How the system is supposed to work
Former Luzerne County Judge Mark A. Ciavarella's campaign to pose himself as a victim ran into another major obstacle Thursday, when a three-judge panel of the U.S. Third Circuit of Appeals rejected his appeal of his 28-year federal prison term.
The federal appellate court is in Philadelphia, but light years distant from the kangaroo court conducted by Mr. Ciavarella when he trampled the constitutional rights of thousands of juveniles who appeared before him in Luzerne County Court. He and former Judge Michael T. Conahan, who is serving a 17-year federal sentence, received more than $2 million in kickbacks from developers of privately operated juvenile detention centers. The case came to be known as "kids for cash."
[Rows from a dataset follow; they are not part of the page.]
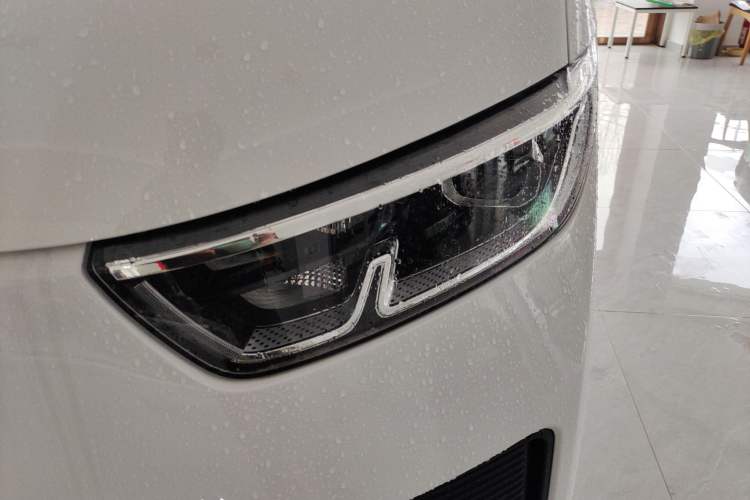 Used Wuling Yangguang 2025 Model 400km Bus Edition—Comfort Edition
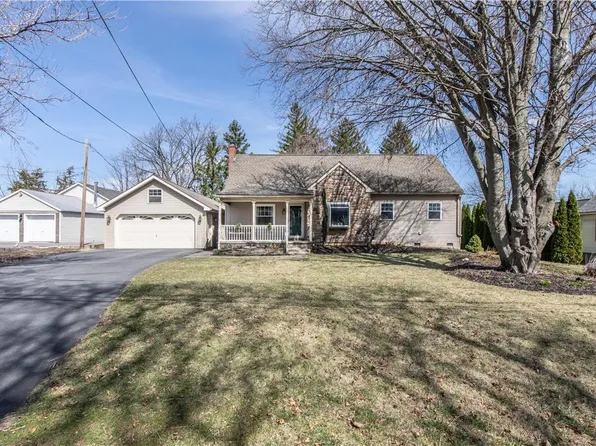 203 Lincoln Ave, Stockertown, PA 18083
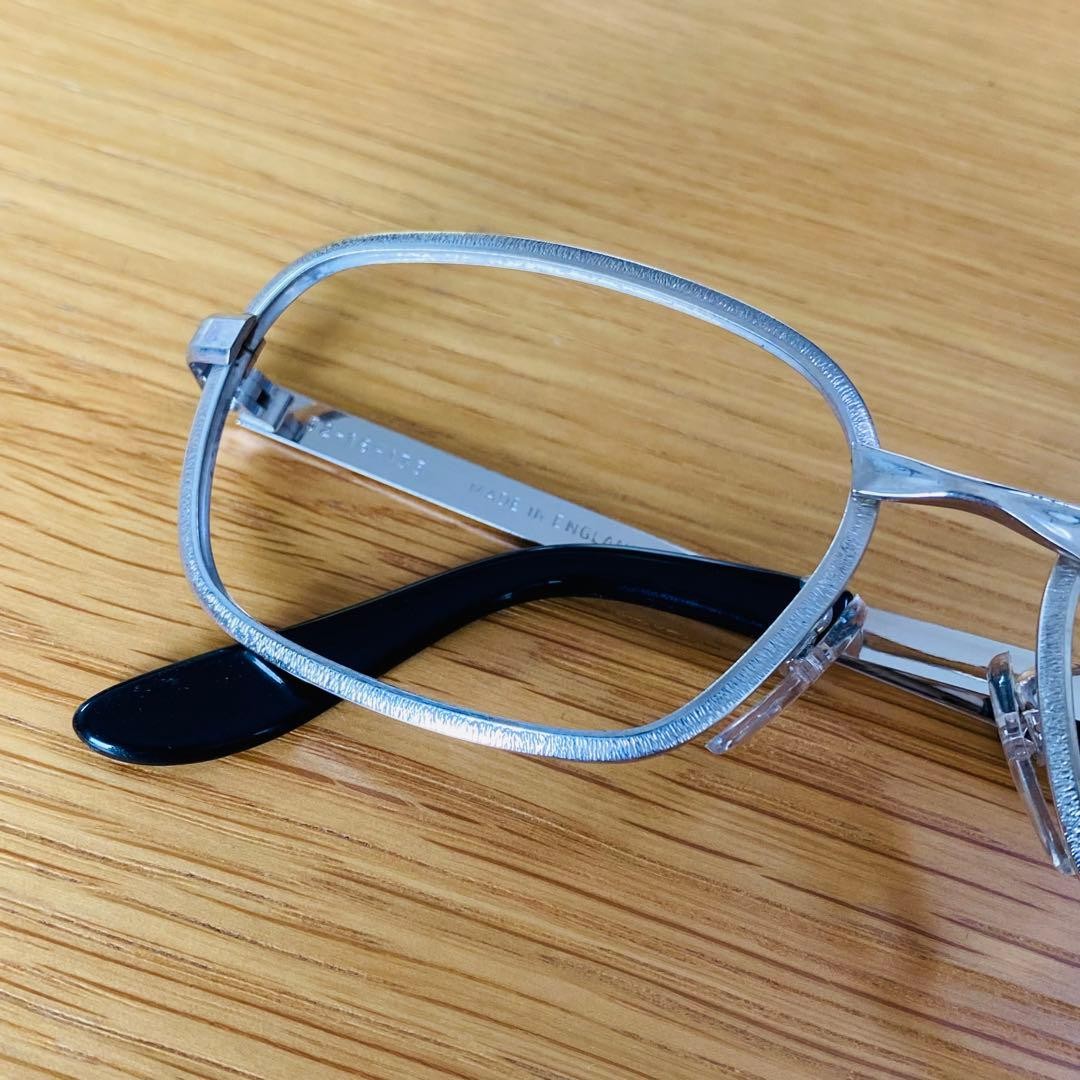 American Optical 207-2 Silver Eyeglasses 52□16-135 Made in United Kingdom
Mr. Ciavarella bristled at the shorthand, contending that there was no quid pro quo in his conveyor belt of detention orders.
Sadly for him, his own denials led directly to his long sentence. U.S. District Judge Edwin M. Kosik, of the U.S. District Court in Scranton, rejected Mr. Ciavarella's plea agreement, which included a sentence just over one-quarter as long as he ultimately received, partially because Mr. Ciavarella refused to take responsibility.
In his appeal, Mr. Ciavarella contended that Judge Kosik was biased for the prosecution, but the appellate judges disagreed. They agreed that Judge Kosik should not have personally answered seven letters he had received about the case, but said that the content of the letters did not forfeit his impartiality.
The principal contrast between Mr. Ciavarella's journey through the federal justice system, and that which he inflicted upon children in his courtroom, is that he received fair hearings every step of the way, with the assistance of counsel and public scrutiny of the prosecution's case.
His circumstances spring from how the system is supposed to work.